Meagan Pearse


One of the state’s leading music educators is pioneering research into how a teacher’s physiology and gender stereotypes might play a role in how boys are taught music, as part of her latest push to advocate for the subject and her students. ​ Anglican Church Grammar School (Churchie) Specialist Senior Music teacher, Meagan Pearse, who was part of a team which wrote Queensland’s 2013 Music Syllabus and is now one of the lead writers of the new Music Extension Syllabus, lives and breathes music. She even has musical notation on the soles of her shoes.

Her exceptional leadership at her school and state-wide is one of the reasons she is a finalist in this year’s Queensland College of Teaching TEACHX Excellence in Teaching Award.

Ms Pearse undertook a Master of Educational Leadership program partly to learn how to talk with principals and deputy principals to help improve the value placed on music education.

“I have always been an advocate for the study of music to enhance academic success; it provides us with an avenue for communication, builds resilience and confidence and improves organisation just to name a few.
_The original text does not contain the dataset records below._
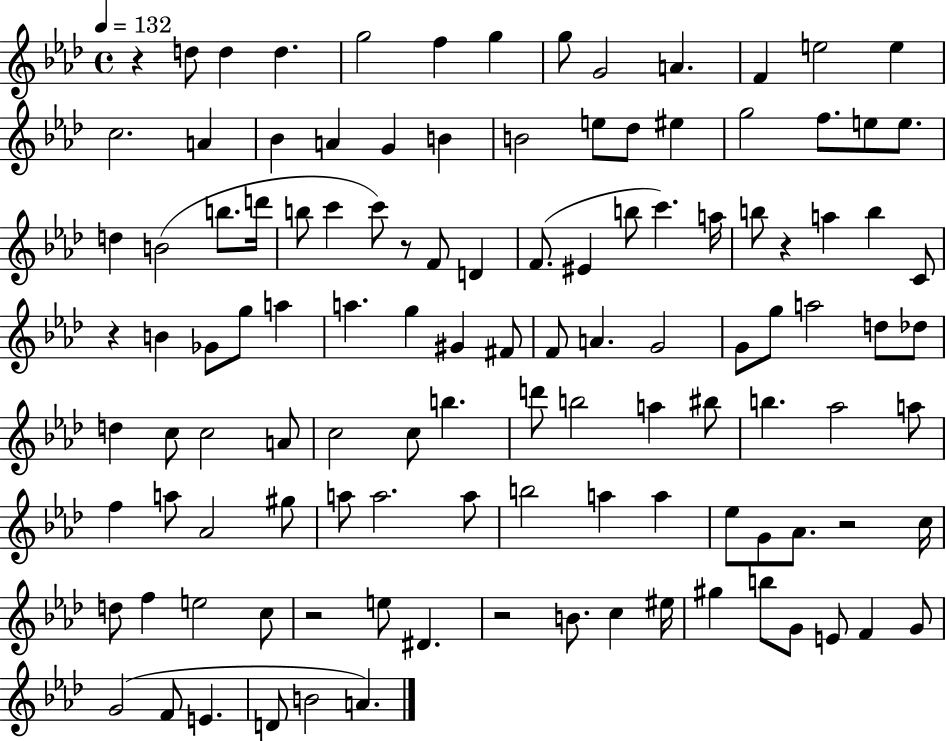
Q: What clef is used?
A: treble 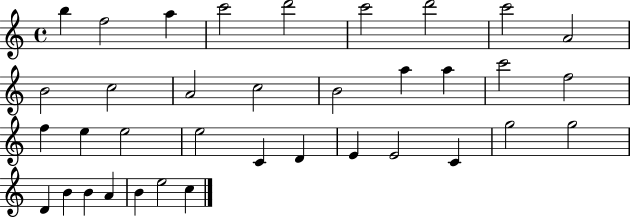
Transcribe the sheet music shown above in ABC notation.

X:1
T:Untitled
M:4/4
L:1/4
K:C
b f2 a c'2 d'2 c'2 d'2 c'2 A2 B2 c2 A2 c2 B2 a a c'2 f2 f e e2 e2 C D E E2 C g2 g2 D B B A B e2 c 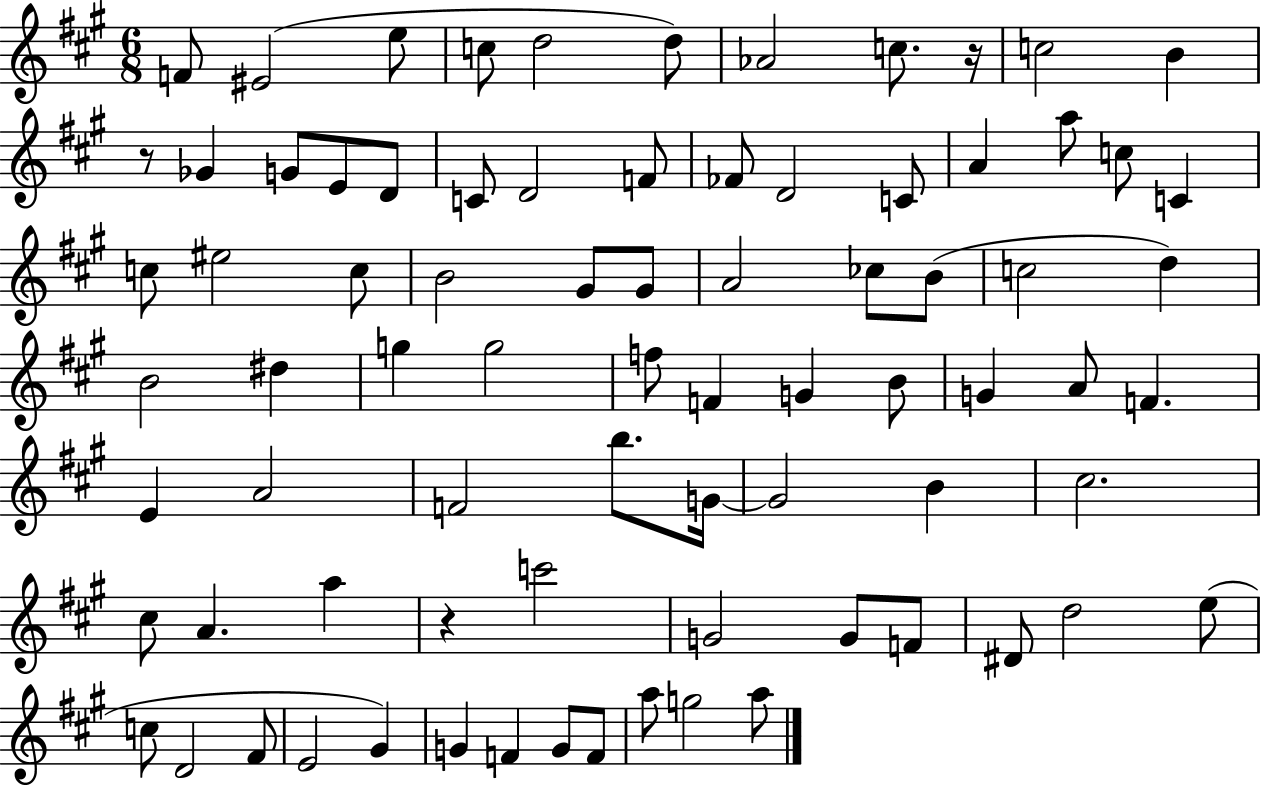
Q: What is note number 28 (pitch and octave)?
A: B4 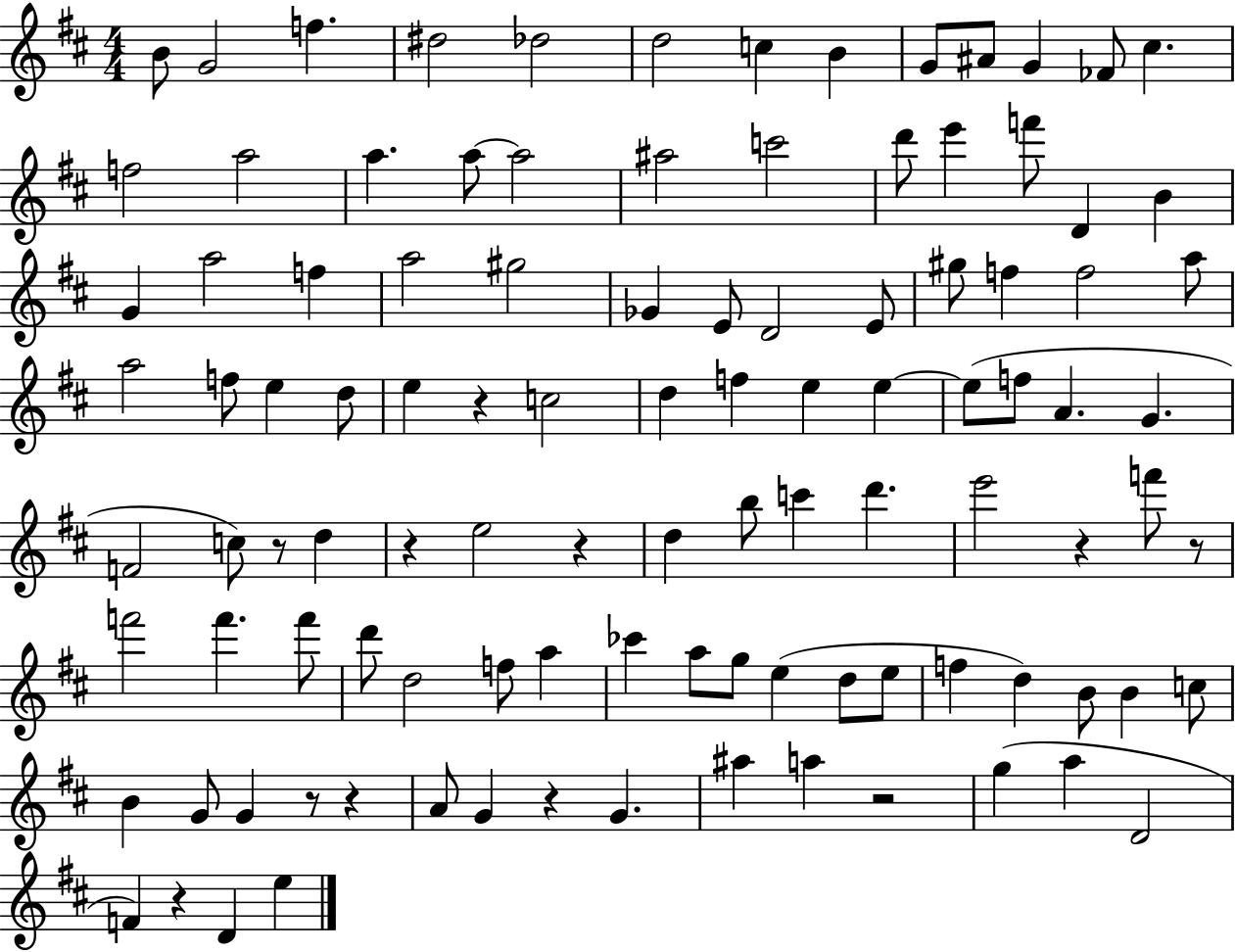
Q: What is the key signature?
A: D major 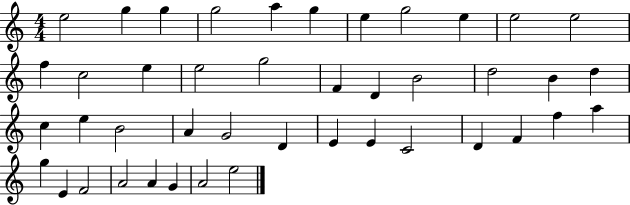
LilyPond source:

{
  \clef treble
  \numericTimeSignature
  \time 4/4
  \key c \major
  e''2 g''4 g''4 | g''2 a''4 g''4 | e''4 g''2 e''4 | e''2 e''2 | \break f''4 c''2 e''4 | e''2 g''2 | f'4 d'4 b'2 | d''2 b'4 d''4 | \break c''4 e''4 b'2 | a'4 g'2 d'4 | e'4 e'4 c'2 | d'4 f'4 f''4 a''4 | \break g''4 e'4 f'2 | a'2 a'4 g'4 | a'2 e''2 | \bar "|."
}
In addition, neuroscience continues to show that throughout adolescence learning music helps the brain develop its ability to function more efficiently,” she said.

Having played a musical instrument from every family except brass, having taught in all-boys schools for years and being a PhD student herself, Ms Pearse has an in-depth knowledge of how best to teach boys, but she is always pushing to learn more.

“Boys need to know why they are doing it,” Ms Pearse said. “They need to believe that you know what you are doing and you need to respect them and show an interest in their lives. They are very relationship focussed … I have found that if boys don’t trust and respect you, they disengage.”

Ms Pearse uses a variety of strategies to engage students, including flipped learning and “How to” videos, which she is also embedding in OneNote for all of Churchie’s music teachers. She also uses ‘the reverse chronology approach’.

“We start with the music of their generation and move backwards. The interesting thing about music, is that what we may think is new, is actually an innovation from a long time ago. Knowing about the history of music and how current music has been influenced by it challenges boys to apply a variety of techniques and devices to their own work,” she said. This term the Year 9s are looking at Aussie Rock.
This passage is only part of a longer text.